Assignment: Copy the data exactly from the line that contains "It features self-designed" through the line that contains "Photo - 4225 Parkwood Ct Unidad 4", keeping both end lines and leaving out everything else.

Records shown:
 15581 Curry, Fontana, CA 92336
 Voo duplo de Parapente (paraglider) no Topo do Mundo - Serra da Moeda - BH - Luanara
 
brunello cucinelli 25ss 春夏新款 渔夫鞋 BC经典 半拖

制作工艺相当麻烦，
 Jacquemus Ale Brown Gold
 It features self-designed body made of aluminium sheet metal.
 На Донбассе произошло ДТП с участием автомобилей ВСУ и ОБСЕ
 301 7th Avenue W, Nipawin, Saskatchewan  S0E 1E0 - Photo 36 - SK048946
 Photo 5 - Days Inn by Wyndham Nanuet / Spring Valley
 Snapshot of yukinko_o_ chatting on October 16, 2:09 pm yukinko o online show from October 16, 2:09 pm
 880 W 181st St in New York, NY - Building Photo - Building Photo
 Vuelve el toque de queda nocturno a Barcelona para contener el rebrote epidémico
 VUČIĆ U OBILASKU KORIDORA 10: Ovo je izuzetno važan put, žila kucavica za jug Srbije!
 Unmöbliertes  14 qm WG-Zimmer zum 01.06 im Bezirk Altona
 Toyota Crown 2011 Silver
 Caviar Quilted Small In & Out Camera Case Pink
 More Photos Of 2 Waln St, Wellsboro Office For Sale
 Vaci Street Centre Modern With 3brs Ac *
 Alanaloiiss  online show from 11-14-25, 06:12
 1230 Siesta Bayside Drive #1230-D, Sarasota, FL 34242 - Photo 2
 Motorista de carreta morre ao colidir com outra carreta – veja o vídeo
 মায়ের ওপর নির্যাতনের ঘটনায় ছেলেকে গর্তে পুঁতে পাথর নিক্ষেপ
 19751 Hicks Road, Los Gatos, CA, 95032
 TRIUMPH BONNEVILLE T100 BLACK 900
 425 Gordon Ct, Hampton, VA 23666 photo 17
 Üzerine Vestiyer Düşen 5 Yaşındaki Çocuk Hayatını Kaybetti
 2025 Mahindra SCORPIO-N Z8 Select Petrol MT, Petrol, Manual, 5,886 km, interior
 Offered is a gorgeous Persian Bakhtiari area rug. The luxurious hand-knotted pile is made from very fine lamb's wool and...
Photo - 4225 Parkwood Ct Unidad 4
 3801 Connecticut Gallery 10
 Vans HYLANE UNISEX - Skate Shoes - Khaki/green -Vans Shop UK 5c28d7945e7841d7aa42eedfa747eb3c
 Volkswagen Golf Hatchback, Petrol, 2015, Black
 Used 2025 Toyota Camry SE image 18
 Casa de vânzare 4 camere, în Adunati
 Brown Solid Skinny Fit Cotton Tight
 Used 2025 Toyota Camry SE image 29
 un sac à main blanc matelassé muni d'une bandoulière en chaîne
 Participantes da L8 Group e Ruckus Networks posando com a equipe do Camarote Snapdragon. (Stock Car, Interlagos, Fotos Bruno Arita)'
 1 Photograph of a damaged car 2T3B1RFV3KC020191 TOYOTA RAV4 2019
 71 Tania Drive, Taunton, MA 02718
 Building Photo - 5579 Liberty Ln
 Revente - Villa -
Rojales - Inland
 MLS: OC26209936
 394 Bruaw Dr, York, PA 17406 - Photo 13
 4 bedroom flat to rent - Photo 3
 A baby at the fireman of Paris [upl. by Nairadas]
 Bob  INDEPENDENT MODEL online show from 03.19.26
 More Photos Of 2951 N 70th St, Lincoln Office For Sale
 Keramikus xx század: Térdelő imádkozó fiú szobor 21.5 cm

Written reply:
 It features self-designed body made of aluminium sheet metal.
 На Донбассе произошло ДТП с участием автомобилей ВСУ и ОБСЕ
 301 7th Avenue W, Nipawin, Saskatchewan  S0E 1E0 - Photo 36 - SK048946
 Photo 5 - Days Inn by Wyndham Nanuet / Spring Valley
 Snapshot of yukinko_o_ chatting on October 16, 2:09 pm yukinko o online show from October 16, 2:09 pm
 880 W 181st St in New York, NY - Building Photo - Building Photo
 Vuelve el toque de queda nocturno a Barcelona para contener el rebrote epidémico
 VUČIĆ U OBILASKU KORIDORA 10: Ovo je izuzetno važan put, žila kucavica za jug Srbije!
 Unmöbliertes  14 qm WG-Zimmer zum 01.06 im Bezirk Altona
 Toyota Crown 2011 Silver
 Caviar Quilted Small In & Out Camera Case Pink
 More Photos Of 2 Waln St, Wellsboro Office For Sale
 Vaci Street Centre Modern With 3brs Ac *
 Alanaloiiss  online show from 11-14-25, 06:12
 1230 Siesta Bayside Drive #1230-D, Sarasota, FL 34242 - Photo 2
 Motorista de carreta morre ao colidir com outra carreta – veja o vídeo
 মায়ের ওপর নির্যাতনের ঘটনায় ছেলেকে গর্তে পুঁতে পাথর নিক্ষেপ
 19751 Hicks Road, Los Gatos, CA, 95032
 TRIUMPH BONNEVILLE T100 BLACK 900
 425 Gordon Ct, Hampton, VA 23666 photo 17
 Üzerine Vestiyer Düşen 5 Yaşındaki Çocuk Hayatını Kaybetti
 2025 Mahindra SCORPIO-N Z8 Select Petrol MT, Petrol, Manual, 5,886 km, interior
 Offered is a gorgeous Persian Bakhtiari area rug. The luxurious hand-knotted pile is made from very fine lamb's wool and...
Photo - 4225 Parkwood Ct Unidad 4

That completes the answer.